• **GOAL OF THE EXERCISE**
Every record must come back exactly as given.

[DATA FOR REVIEW Boundary: Start]

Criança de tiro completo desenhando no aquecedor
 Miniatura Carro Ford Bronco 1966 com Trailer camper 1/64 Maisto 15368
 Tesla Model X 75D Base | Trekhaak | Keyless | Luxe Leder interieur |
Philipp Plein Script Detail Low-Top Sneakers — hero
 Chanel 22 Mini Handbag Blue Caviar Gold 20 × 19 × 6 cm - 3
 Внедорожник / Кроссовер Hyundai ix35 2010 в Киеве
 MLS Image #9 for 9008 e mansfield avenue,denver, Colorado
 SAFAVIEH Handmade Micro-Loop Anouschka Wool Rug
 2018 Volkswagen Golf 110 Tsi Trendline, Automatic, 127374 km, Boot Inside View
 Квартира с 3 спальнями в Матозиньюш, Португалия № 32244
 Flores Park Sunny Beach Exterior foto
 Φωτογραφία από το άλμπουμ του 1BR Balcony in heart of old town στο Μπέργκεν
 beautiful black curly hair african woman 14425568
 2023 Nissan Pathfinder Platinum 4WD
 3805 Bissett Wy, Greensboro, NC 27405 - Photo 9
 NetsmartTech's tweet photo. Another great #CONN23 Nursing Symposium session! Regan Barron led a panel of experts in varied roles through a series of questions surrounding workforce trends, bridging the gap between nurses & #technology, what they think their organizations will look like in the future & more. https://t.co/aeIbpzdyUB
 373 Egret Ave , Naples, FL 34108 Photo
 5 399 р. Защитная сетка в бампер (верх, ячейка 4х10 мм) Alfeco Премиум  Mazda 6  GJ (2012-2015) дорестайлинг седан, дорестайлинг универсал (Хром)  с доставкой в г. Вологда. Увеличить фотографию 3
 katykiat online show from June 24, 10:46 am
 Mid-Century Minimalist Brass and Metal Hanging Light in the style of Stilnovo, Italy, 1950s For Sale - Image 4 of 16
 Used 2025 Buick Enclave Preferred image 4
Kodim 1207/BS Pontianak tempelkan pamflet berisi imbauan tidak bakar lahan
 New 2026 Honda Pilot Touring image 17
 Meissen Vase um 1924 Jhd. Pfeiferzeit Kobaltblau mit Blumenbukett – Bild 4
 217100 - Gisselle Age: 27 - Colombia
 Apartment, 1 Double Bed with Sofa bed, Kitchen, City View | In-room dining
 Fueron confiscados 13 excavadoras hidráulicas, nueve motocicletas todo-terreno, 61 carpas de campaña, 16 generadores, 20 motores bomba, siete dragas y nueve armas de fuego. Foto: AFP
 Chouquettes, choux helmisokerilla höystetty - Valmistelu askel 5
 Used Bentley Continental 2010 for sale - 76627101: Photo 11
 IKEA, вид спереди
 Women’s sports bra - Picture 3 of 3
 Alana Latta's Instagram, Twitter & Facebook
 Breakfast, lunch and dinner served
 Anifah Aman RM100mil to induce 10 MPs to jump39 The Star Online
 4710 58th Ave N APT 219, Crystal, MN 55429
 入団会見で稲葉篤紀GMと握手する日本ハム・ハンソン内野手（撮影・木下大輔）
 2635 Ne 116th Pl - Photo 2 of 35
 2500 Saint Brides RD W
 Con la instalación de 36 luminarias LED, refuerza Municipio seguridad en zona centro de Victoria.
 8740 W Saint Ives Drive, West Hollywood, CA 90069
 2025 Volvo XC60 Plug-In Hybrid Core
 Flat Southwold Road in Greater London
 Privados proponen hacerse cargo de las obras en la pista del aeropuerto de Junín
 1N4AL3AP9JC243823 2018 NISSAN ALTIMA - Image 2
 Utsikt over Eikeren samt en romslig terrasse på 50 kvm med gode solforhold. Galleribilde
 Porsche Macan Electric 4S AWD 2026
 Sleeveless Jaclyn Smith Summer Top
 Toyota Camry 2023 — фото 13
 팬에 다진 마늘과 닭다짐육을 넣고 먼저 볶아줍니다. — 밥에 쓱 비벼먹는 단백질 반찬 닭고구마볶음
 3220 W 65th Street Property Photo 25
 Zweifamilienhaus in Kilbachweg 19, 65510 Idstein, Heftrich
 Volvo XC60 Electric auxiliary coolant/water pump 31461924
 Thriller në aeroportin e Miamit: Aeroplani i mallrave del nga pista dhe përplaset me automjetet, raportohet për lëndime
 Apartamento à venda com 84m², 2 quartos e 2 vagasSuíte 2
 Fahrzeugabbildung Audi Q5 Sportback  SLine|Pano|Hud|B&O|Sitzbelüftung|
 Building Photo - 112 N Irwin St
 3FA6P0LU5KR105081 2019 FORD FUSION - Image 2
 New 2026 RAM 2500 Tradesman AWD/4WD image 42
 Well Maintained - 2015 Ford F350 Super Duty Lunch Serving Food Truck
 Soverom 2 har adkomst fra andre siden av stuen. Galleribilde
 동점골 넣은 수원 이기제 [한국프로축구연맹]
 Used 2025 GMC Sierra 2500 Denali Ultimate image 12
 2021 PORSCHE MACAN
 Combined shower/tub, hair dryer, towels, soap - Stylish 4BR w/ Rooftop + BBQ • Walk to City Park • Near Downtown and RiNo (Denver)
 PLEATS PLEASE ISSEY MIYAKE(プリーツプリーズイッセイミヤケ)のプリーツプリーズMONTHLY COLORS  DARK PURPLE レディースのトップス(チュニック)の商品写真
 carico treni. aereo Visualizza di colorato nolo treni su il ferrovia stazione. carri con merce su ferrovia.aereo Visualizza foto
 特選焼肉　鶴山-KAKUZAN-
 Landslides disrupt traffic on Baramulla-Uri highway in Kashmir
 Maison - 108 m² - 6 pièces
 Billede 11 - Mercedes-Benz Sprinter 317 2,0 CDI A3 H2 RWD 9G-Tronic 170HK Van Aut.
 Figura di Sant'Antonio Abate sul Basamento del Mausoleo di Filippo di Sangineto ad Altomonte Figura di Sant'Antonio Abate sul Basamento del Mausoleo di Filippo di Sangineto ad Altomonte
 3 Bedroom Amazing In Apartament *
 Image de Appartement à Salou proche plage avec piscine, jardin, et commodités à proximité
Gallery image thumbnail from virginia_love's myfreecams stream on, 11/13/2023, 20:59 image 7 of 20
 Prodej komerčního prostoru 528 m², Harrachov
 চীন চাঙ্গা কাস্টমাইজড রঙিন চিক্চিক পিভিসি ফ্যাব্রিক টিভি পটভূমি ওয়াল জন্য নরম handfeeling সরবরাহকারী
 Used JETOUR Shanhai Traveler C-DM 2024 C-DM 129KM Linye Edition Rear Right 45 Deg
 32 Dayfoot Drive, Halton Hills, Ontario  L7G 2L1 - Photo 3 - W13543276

[DATA FOR REVIEW Boundary: End]

• **ANSWER TO THIS TASK**
Criança de tiro completo desenhando no aquecedor
 Miniatura Carro Ford Bronco 1966 com Trailer camper 1/64 Maisto 15368
 Tesla Model X 75D Base | Trekhaak | Keyless | Luxe Leder interieur |
Philipp Plein Script Detail Low-Top Sneakers — hero
 Chanel 22 Mini Handbag Blue Caviar Gold 20 × 19 × 6 cm - 3
 Внедорожник / Кроссовер Hyundai ix35 2010 в Киеве
 MLS Image #9 for 9008 e mansfield avenue,denver, Colorado
 SAFAVIEH Handmade Micro-Loop Anouschka Wool Rug
 2018 Volkswagen Golf 110 Tsi Trendline, Automatic, 127374 km, Boot Inside View
 Квартира с 3 спальнями в Матозиньюш, Португалия № 32244
 Flores Park Sunny Beach Exterior foto
 Φωτογραφία από το άλμπουμ του 1BR Balcony in heart of old town στο Μπέργκεν
 beautiful black curly hair african woman 14425568
 2023 Nissan Pathfinder Platinum 4WD
 3805 Bissett Wy, Greensboro, NC 27405 - Photo 9
 NetsmartTech's tweet photo. Another great #CONN23 Nursing Symposium session! Regan Barron led a panel of experts in varied roles through a series of questions surrounding workforce trends, bridging the gap between nurses & #technology, what they think their organizations will look like in the future & more. https://t.co/aeIbpzdyUB
 373 Egret Ave , Naples, FL 34108 Photo
 5 399 р. Защитная сетка в бампер (верх, ячейка 4х10 мм) Alfeco Премиум  Mazda 6  GJ (2012-2015) дорестайлинг седан, дорестайлинг универсал (Хром)  с доставкой в г. Вологда. Увеличить фотографию 3
 katykiat online show from June 24, 10:46 am
 Mid-Century Minimalist Brass and Metal Hanging Light in the style of Stilnovo, Italy, 1950s For Sale - Image 4 of 16
 Used 2025 Buick Enclave Preferred image 4
Kodim 1207/BS Pontianak tempelkan pamflet berisi imbauan tidak bakar lahan
 New 2026 Honda Pilot Touring image 17
 Meissen Vase um 1924 Jhd. Pfeiferzeit Kobaltblau mit Blumenbukett – Bild 4
 217100 - Gisselle Age: 27 - Colombia
 Apartment, 1 Double Bed with Sofa bed, Kitchen, City View | In-room dining
 Fueron confiscados 13 excavadoras hidráulicas, nueve motocicletas todo-terreno, 61 carpas de campaña, 16 generadores, 20 motores bomba, siete dragas y nueve armas de fuego. Foto: AFP
 Chouquettes, choux helmisokerilla höystetty - Valmistelu askel 5
 Used Bentley Continental 2010 for sale - 76627101: Photo 11
 IKEA, вид спереди
 Women’s sports bra - Picture 3 of 3
 Alana Latta's Instagram, Twitter & Facebook
 Breakfast, lunch and dinner served
 Anifah Aman RM100mil to induce 10 MPs to jump39 The Star Online
 4710 58th Ave N APT 219, Crystal, MN 55429
 入団会見で稲葉篤紀GMと握手する日本ハム・ハンソン内野手（撮影・木下大輔）
 2635 Ne 116th Pl - Photo 2 of 35
 2500 Saint Brides RD W
 Con la instalación de 36 luminarias LED, refuerza Municipio seguridad en zona centro de Victoria.
 8740 W Saint Ives Drive, West Hollywood, CA 90069
 2025 Volvo XC60 Plug-In Hybrid Core
 Flat Southwold Road in Greater London
 Privados proponen hacerse cargo de las obras en la pista del aeropuerto de Junín
 1N4AL3AP9JC243823 2018 NISSAN ALTIMA - Image 2
 Utsikt over Eikeren samt en romslig terrasse på 50 kvm med gode solforhold. Galleribilde
 Porsche Macan Electric 4S AWD 2026
 Sleeveless Jaclyn Smith Summer Top
 Toyota Camry 2023 — фото 13
 팬에 다진 마늘과 닭다짐육을 넣고 먼저 볶아줍니다. — 밥에 쓱 비벼먹는 단백질 반찬 닭고구마볶음
 3220 W 65th Street Property Photo 25
 Zweifamilienhaus in Kilbachweg 19, 65510 Idstein, Heftrich
 Volvo XC60 Electric auxiliary coolant/water pump 31461924
 Thriller në aeroportin e Miamit: Aeroplani i mallrave del nga pista dhe përplaset me automjetet, raportohet për lëndime
 Apartamento à venda com 84m², 2 quartos e 2 vagasSuíte 2
 Fahrzeugabbildung Audi Q5 Sportback  SLine|Pano|Hud|B&O|Sitzbelüftung|
 Building Photo - 112 N Irwin St
 3FA6P0LU5KR105081 2019 FORD FUSION - Image 2
 New 2026 RAM 2500 Tradesman AWD/4WD image 42
 Well Maintained - 2015 Ford F350 Super Duty Lunch Serving Food Truck
 Soverom 2 har adkomst fra andre siden av stuen. Galleribilde
 동점골 넣은 수원 이기제 [한국프로축구연맹]
 Used 2025 GMC Sierra 2500 Denali Ultimate image 12
 2021 PORSCHE MACAN
 Combined shower/tub, hair dryer, towels, soap - Stylish 4BR w/ Rooftop + BBQ • Walk to City Park • Near Downtown and RiNo (Denver)
 PLEATS PLEASE ISSEY MIYAKE(プリーツプリーズイッセイミヤケ)のプリーツプリーズMONTHLY COLORS  DARK PURPLE レディースのトップス(チュニック)の商品写真
 carico treni. aereo Visualizza di colorato nolo treni su il ferrovia stazione. carri con merce su ferrovia.aereo Visualizza foto
 特選焼肉　鶴山-KAKUZAN-
 Landslides disrupt traffic on Baramulla-Uri highway in Kashmir
 Maison - 108 m² - 6 pièces
 Billede 11 - Mercedes-Benz Sprinter 317 2,0 CDI A3 H2 RWD 9G-Tronic 170HK Van Aut.
 Figura di Sant'Antonio Abate sul Basamento del Mausoleo di Filippo di Sangineto ad Altomonte Figura di Sant'Antonio Abate sul Basamento del Mausoleo di Filippo di Sangineto ad Altomonte
 3 Bedroom Amazing In Apartament *
 Image de Appartement à Salou proche plage avec piscine, jardin, et commodités à proximité
Gallery image thumbnail from virginia_love's myfreecams stream on, 11/13/2023, 20:59 image 7 of 20
 Prodej komerčního prostoru 528 m², Harrachov
 চীন চাঙ্গা কাস্টমাইজড রঙিন চিক্চিক পিভিসি ফ্যাব্রিক টিভি পটভূমি ওয়াল জন্য নরম handfeeling সরবরাহকারী
 Used JETOUR Shanhai Traveler C-DM 2024 C-DM 129KM Linye Edition Rear Right 45 Deg
 32 Dayfoot Drive, Halton Hills, Ontario  L7G 2L1 - Photo 3 - W13543276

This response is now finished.